■ WHAT YOU HAVE TO DO
From the line containing "Rule 34 | 2girls, = =, ahoge, ahoge" down to the last line of the data, output each line word for word and include nothing else.

[TASK DATA — start]

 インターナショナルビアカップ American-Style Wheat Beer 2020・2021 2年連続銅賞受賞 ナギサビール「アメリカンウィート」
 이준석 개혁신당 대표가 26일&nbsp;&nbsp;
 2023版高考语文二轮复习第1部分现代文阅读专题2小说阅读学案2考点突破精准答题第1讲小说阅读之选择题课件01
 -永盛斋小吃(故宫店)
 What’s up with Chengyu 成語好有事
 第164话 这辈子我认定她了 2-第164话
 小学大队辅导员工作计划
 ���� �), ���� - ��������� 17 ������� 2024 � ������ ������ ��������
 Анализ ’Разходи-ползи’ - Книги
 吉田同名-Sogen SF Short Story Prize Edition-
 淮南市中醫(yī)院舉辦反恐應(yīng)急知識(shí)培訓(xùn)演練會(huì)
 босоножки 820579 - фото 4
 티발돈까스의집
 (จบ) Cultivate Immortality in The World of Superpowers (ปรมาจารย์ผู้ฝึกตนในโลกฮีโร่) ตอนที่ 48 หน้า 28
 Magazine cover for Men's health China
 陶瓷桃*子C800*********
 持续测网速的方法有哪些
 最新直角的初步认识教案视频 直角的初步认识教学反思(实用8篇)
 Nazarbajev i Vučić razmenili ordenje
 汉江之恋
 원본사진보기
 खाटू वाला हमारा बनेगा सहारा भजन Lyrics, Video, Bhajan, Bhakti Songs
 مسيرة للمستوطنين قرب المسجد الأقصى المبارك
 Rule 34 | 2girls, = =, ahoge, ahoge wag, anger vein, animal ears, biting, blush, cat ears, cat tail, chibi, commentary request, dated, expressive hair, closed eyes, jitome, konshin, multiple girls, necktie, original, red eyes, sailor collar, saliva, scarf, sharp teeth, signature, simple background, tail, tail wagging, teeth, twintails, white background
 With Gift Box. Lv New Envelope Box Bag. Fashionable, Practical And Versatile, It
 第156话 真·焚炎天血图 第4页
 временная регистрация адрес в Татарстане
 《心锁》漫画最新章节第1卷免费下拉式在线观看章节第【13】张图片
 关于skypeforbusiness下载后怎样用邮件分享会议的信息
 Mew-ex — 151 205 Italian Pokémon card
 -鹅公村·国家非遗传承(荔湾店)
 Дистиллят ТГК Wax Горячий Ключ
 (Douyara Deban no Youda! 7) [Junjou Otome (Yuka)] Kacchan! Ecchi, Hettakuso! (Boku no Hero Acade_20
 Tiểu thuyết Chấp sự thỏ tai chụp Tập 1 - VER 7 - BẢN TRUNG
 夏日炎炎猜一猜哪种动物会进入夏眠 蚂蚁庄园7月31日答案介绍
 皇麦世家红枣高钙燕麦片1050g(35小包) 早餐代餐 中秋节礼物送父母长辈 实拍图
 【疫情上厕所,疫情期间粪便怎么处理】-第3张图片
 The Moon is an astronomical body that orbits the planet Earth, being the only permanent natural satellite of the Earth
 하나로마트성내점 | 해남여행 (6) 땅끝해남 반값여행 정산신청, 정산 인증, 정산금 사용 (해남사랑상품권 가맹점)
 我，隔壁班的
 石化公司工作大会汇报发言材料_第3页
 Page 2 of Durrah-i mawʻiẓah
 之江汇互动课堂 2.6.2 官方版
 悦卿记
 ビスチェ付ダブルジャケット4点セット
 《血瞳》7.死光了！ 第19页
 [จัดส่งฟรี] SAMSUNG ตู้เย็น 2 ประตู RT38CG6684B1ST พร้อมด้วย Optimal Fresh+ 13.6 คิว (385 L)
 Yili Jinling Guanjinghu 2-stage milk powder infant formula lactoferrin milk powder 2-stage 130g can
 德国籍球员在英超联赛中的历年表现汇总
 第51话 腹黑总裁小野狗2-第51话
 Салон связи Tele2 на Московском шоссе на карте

[TASK DATA — finish]

■ SOLUTION TO THIS TASK
 Rule 34 | 2girls, = =, ahoge, ahoge wag, anger vein, animal ears, biting, blush, cat ears, cat tail, chibi, commentary request, dated, expressive hair, closed eyes, jitome, konshin, multiple girls, necktie, original, red eyes, sailor collar, saliva, scarf, sharp teeth, signature, simple background, tail, tail wagging, teeth, twintails, white background
 With Gift Box. Lv New Envelope Box Bag. Fashionable, Practical And Versatile, It
 第156话 真·焚炎天血图 第4页
 временная регистрация адрес в Татарстане
 《心锁》漫画最新章节第1卷免费下拉式在线观看章节第【13】张图片
 关于skypeforbusiness下载后怎样用邮件分享会议的信息
 Mew-ex — 151 205 Italian Pokémon card
 -鹅公村·国家非遗传承(荔湾店)
 Дистиллят ТГК Wax Горячий Ключ
 (Douyara Deban no Youda! 7) [Junjou Otome (Yuka)] Kacchan! Ecchi, Hettakuso! (Boku no Hero Acade_20
 Tiểu thuyết Chấp sự thỏ tai chụp Tập 1 - VER 7 - BẢN TRUNG
 夏日炎炎猜一猜哪种动物会进入夏眠 蚂蚁庄园7月31日答案介绍
 皇麦世家红枣高钙燕麦片1050g(35小包) 早餐代餐 中秋节礼物送父母长辈 实拍图
 【疫情上厕所,疫情期间粪便怎么处理】-第3张图片
 The Moon is an astronomical body that orbits the planet Earth, being the only permanent natural satellite of the Earth
 하나로마트성내점 | 해남여행 (6) 땅끝해남 반값여행 정산신청, 정산 인증, 정산금 사용 (해남사랑상품권 가맹점)
 我，隔壁班的
 石化公司工作大会汇报发言材料_第3页
 Page 2 of Durrah-i mawʻiẓah
 之江汇互动课堂 2.6.2 官方版
 悦卿记
 ビスチェ付ダブルジャケット4点セット
 《血瞳》7.死光了！ 第19页
 [จัดส่งฟรี] SAMSUNG ตู้เย็น 2 ประตู RT38CG6684B1ST พร้อมด้วย Optimal Fresh+ 13.6 คิว (385 L)
 Yili Jinling Guanjinghu 2-stage milk powder infant formula lactoferrin milk powder 2-stage 130g can
 德国籍球员在英超联赛中的历年表现汇总
 第51话 腹黑总裁小野狗2-第51话
 Салон связи Tele2 на Московском шоссе на карте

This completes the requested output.